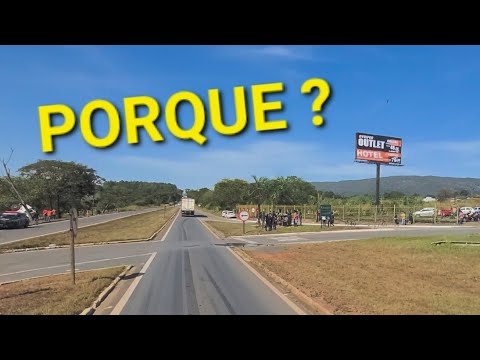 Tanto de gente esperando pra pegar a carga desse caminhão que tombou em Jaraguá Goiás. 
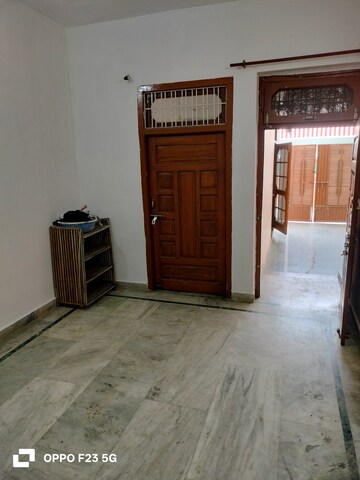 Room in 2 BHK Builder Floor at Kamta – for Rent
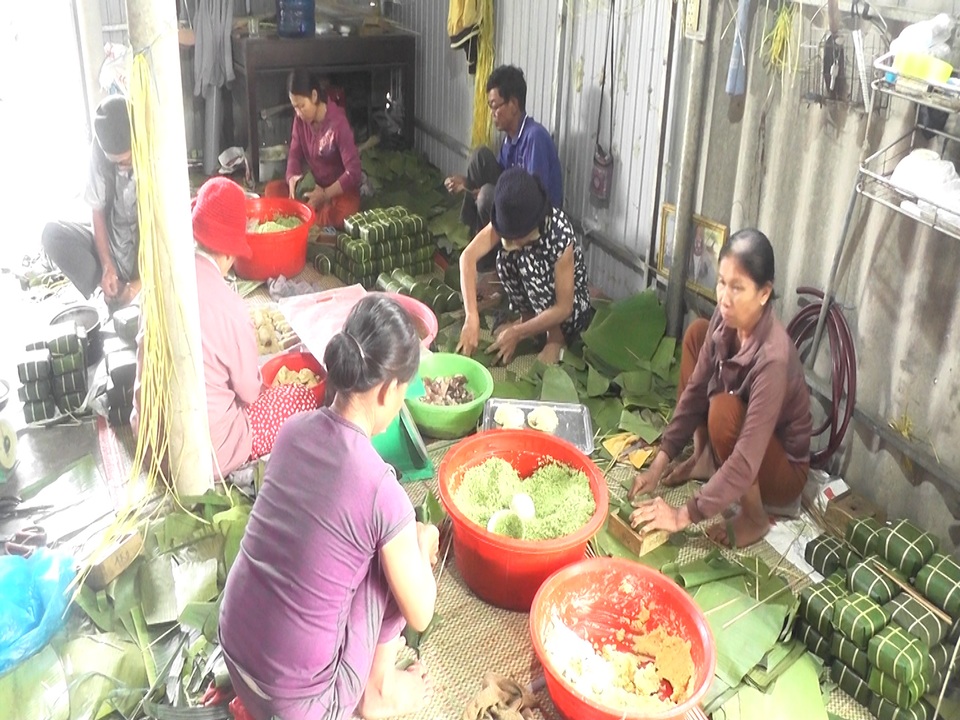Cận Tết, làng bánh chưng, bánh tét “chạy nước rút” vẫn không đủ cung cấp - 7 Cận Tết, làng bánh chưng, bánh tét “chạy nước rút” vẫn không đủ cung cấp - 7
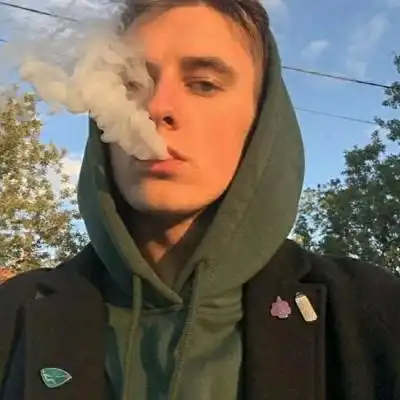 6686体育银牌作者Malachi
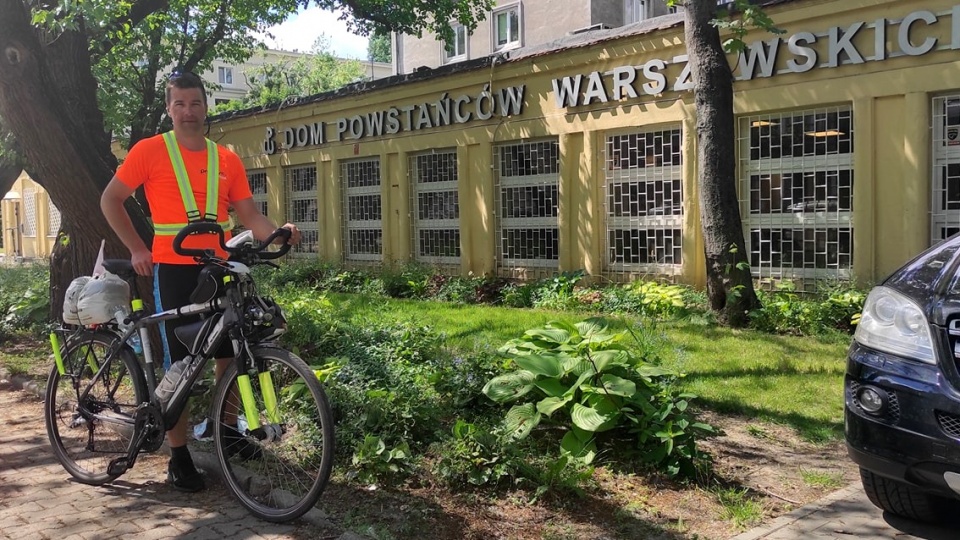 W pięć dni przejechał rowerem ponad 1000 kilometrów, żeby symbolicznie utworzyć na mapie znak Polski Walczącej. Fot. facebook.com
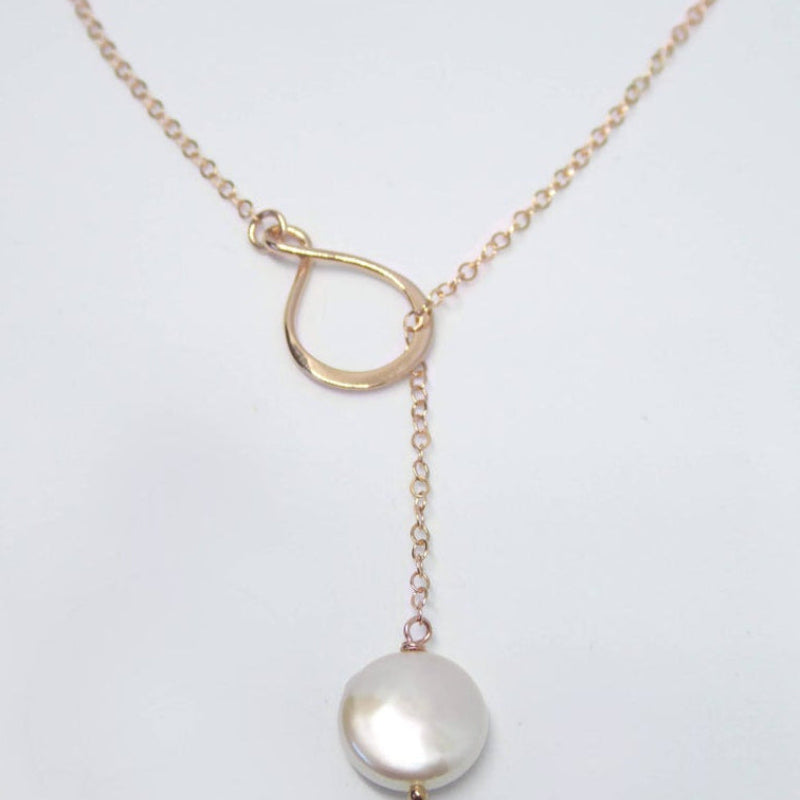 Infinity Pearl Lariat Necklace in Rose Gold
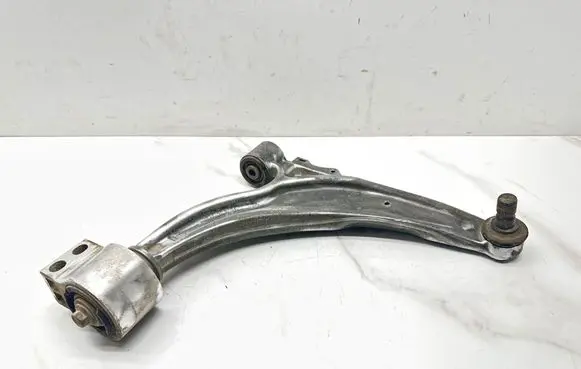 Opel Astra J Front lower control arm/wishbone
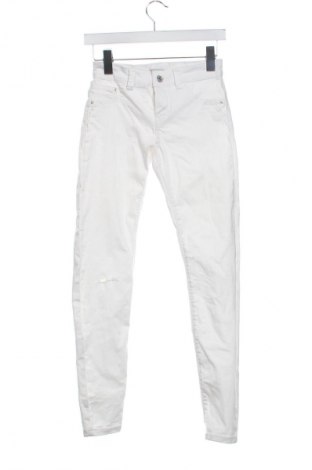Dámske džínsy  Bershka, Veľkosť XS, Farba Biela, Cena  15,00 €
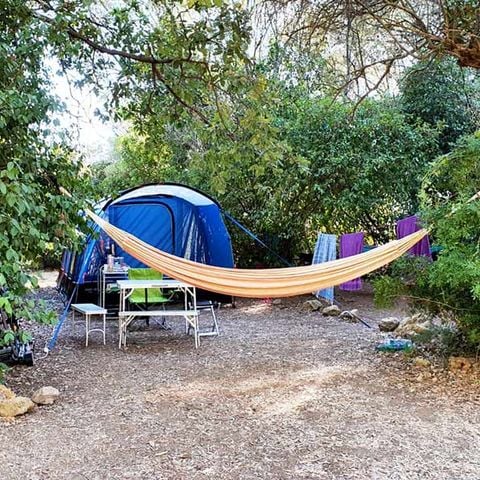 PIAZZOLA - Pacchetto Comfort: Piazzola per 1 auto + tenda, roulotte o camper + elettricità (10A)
#####
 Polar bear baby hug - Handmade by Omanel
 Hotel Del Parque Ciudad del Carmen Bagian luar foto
#####
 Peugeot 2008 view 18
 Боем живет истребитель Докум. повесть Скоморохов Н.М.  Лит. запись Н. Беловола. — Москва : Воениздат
#####
__WORK INSTRUCTIONS__
Reproduce the data above exactly, but only from the line containing "Opel Astra J" through the line containing "PIAZZOLA - Pacchetto"; skip the pictures.

__TASK SOLUTION__
 Opel Astra J Front lower control arm/wishbone
Dámske džínsy  Bershka, Veľkosť XS, Farba Biela, Cena  15,00 €
 PIAZZOLA - Pacchetto Comfort: Piazzola per 1 auto + tenda, roulotte o camper + elettricità (10A)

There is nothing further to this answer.